PEPTIDE DISSOLVING METHOD                                                            http://www.acinopeptide.com                                              

There is no ideal solvent that will solubilize all peptides, maintain their integrity and be compatible with biological assays. Thus, a series of increasingly powerful solvents may have to be tried until the peptide dissolves.

Step 1
n general, try to dissolve the peptide in sterile distilled water or sterile dilute acetic acid (0.1%) solution to give a stock solution at a higher concentration than required for the assays. The peptide can be diluted later with the assay’s buffer, but if the buffer is used initially and peptide fails to dissolve, recovery of the pure peptide free of nonvolatile salts and organic solvents can be difficult. If the peptide persists as visible particles, sonication can be tried. Sonication breaks down lumps of solid peptide to smaller particles and vigorously stirs the solution, improving the rate of dissolution, but does not alter the solubility of the peptide in the particular medium being tried.

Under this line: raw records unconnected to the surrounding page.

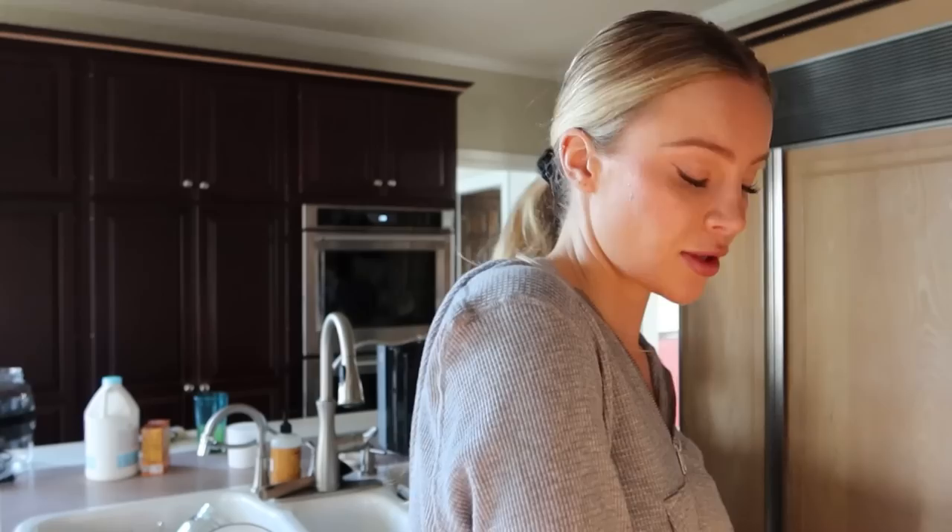Today we're making kombucha and my assistant Ellie — you guys have met her in the hair video, we pranked Michael. This is Ellie, my sweet Ellie, my second brain. Anyway, we're making kombucha and she's made it before. I haven't finished the first step yet.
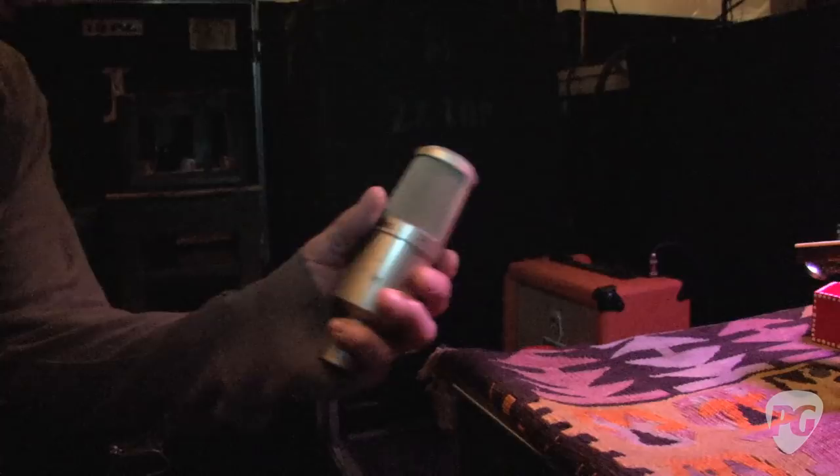We use the Billy Gibbons brand Dunlop strings — extra small. He has never broken a string since I've been here, ever, and he uses sevens. The full gauge is 7, 9, 11, 20, 30, 38.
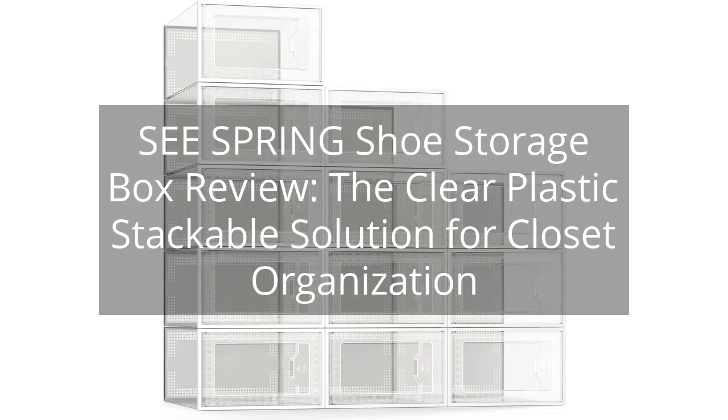Sea Spring Shoe Storage Box Review: the clear plastic stackable solution for closet organization.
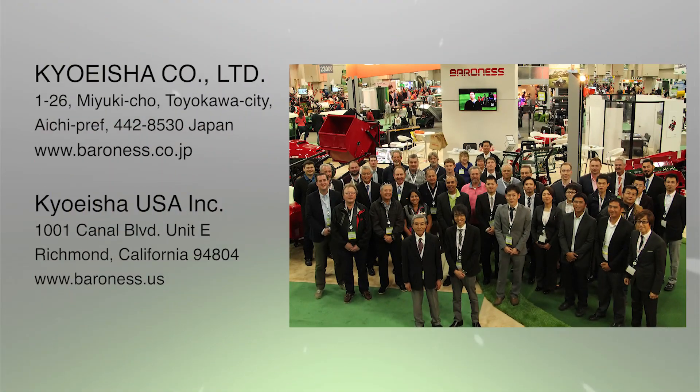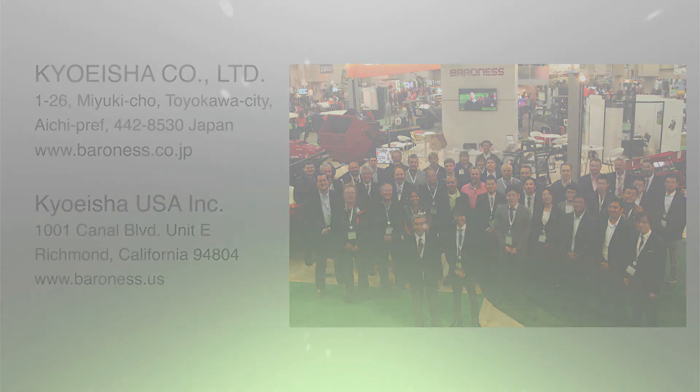For more details, please contact your nearest Baroness dealer. Thank you.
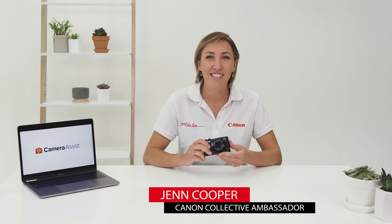Canon's G7X Mark II is the content creator's compact camera. Whether you're into shooting videos or stills, this camera is packed full of features to help your content stand out. In this video, I'm going to take a look at some of the features of this camera to really help you get the most out of it.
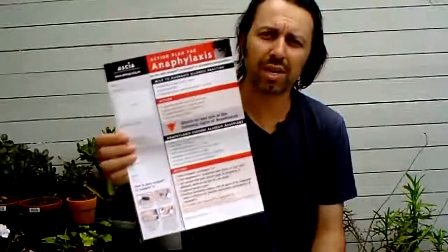So we'll take it out of its packet. The Anapen comes in two particular doses — one for juniors and one for adults. I'll point out that everybody who has anaphylaxis should have an action plan. The action plan your allergist supplies will be specific to your particular adrenaline device. So if you're using the Anapen, make sure you have the Anapen action plan; if you're using the EpiPen, you'll have the EpiPen action plan.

If, after sonication, the „solution“ has gelled, has a persistent haziness, or has a scum (not bubbles) floating on the surface, the peptide has probably not dissolved but is simply finely suspended.

Step 2
If the peptide was insoluble, look at the peptide sequence before proceeding. What proportion of the amino acid residues are hydrophobic (A,F,I,L,M,P,V,W,Y,C)? How many positive (K,R,H and N-terminus) and how many negative (D,E and C-terminus) charges are there? What is the overall (net) charge at neutral pH?If the sequence has a net charge at neutral pH, addition of dilute acetic acid as suggested above (for basic, positively charged peptides) or dilute aqueous ammonia or ammonium bicarbonate (for acidic, negatively charged peptides) with further sonication should improve solubility. The final concentration of acetic or ammonia/ammonium bicarbonate you use will depend on what assay system can tolerate. If the peptide still refuses to dissolve, you can at least remove the volatile buffer solution by lyophilisation and try alternative solvents on the same peptide sample.

Step 3
If the sequence has a little or net charge at any pH, and if the number of hydrophobic residues approaches 50% or more, the above procedures will probably be inadequate. Addition of acetonitrile, ethanol, dimethylformamide (DMF), dimehylsulfoxide (DMSO), or the use of chaotropic salts as guanide hydrochloride or urea, will dissolve most peptides.If it is known that the peptide is slightly soluble in aqueous solution, it is better to dissolve it completely an a small amount of neat acetic acid or DMF and slowly dilute with water rather than progressively adding such solvents to a suspension of the peptide in water.